In traditional coffeehouses, (male) waiters should be addressed as Herr Ober as a mark of respect; unfortunately there’s no clear equivalent for female staff. Tourists aren’t expected to follow this etiquette, but here’s the vocab to understand the menu and make your order in German if you wish. 

When making your order, know that you need to be more specific than “ein Kaffee, bitte” (a coffee, please). 

A kleiner Schwarzer is an espresso and a großer Schwarzer is a double. If you want milk with your coffee, it’s a kleiner or großer Brauner.

A Verlängerter is an espresso with hot water, so a bit less strong.

An Einspänner is a real Austrian classic, an espresso topped with whipped cream.

A Wiener Melange or just Melange is very similar to a cappuccino, made of coffee and steamed milk (sometimes whipped cream too, such as the Aida Melange), and slightly less strong than a cappuccino.

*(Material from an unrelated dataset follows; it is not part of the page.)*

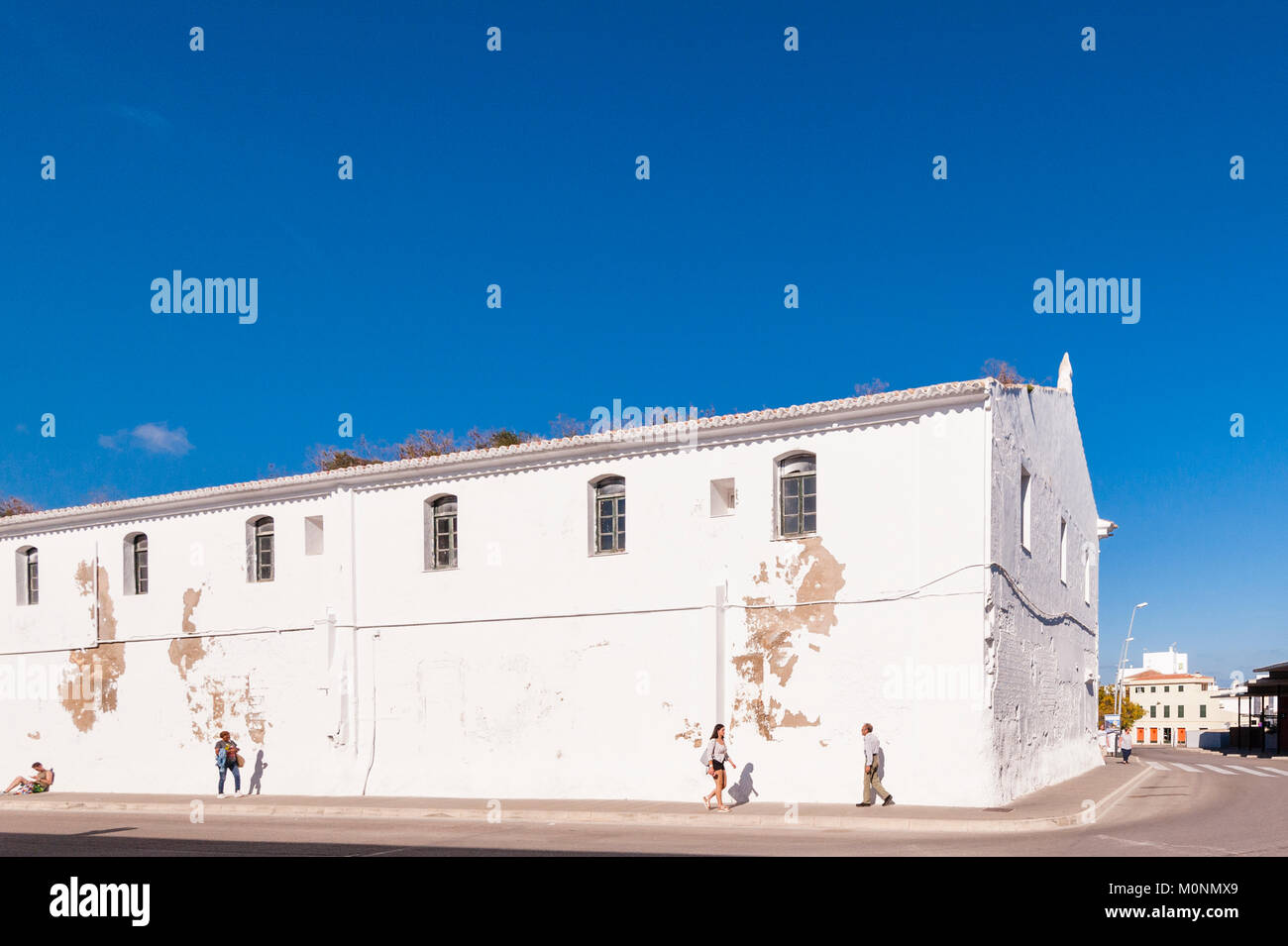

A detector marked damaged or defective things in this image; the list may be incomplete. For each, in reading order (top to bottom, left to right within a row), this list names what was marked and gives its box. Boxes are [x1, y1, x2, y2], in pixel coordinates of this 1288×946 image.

peeling plaster patch [63, 561, 126, 731]
peeling plaster patch [736, 535, 844, 741]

Feeling like something a little more fancy? Austria has you covered. 

An Überstürzter Neumann means you’ll get a cup of whipped cream, served with a double espresso to be added at the table. 

A Wiener Eiskaffee is more than an iced coffee; it’s a delicious mix of vanilla ice cream, espresso and milk. 

A Mozart Coffee is a double espresso topped with whipped cream and served with brandy.

A Maria Teresa is a double espresso with whipped cream, orange liqueur and orange zest.

Outside the older coffeehouses, these days of course you’ll find more modern cafes in Vienna too, where you can find your flat whites, caramel macchiatos and alternative milks. 

Eating sachertorte at Café Sacher is on many an Austria bucket list. Photo: WienTourismus/Paul Bauer

Don’t forget the cake

Kaffee und Kuchen (coffee and cake) is the Austrian way to relax, akin to the Italian pausa caffe, English tea break or Swedish fika. Each coffeehouse has its own specialties, but there are some classics you will usually find on the menu.

Some of the most traditional cakes include the Sachertorte (a chocolate cake with a layer of apricot jam), the adorable Punschkrapfen (like a French petit four with a tasty rum flavour) and Apfelstrudel (apple strudel) or Topfenstrudel (a strudel made with Topfen, a type of cream cheese that is extremely Austrian).

The Dobostorte (caramel) and Esterházy (almond) layered sponge cakes are technically Hungarian rather than Austrian, but they’re still a common and delicious feature on most menus.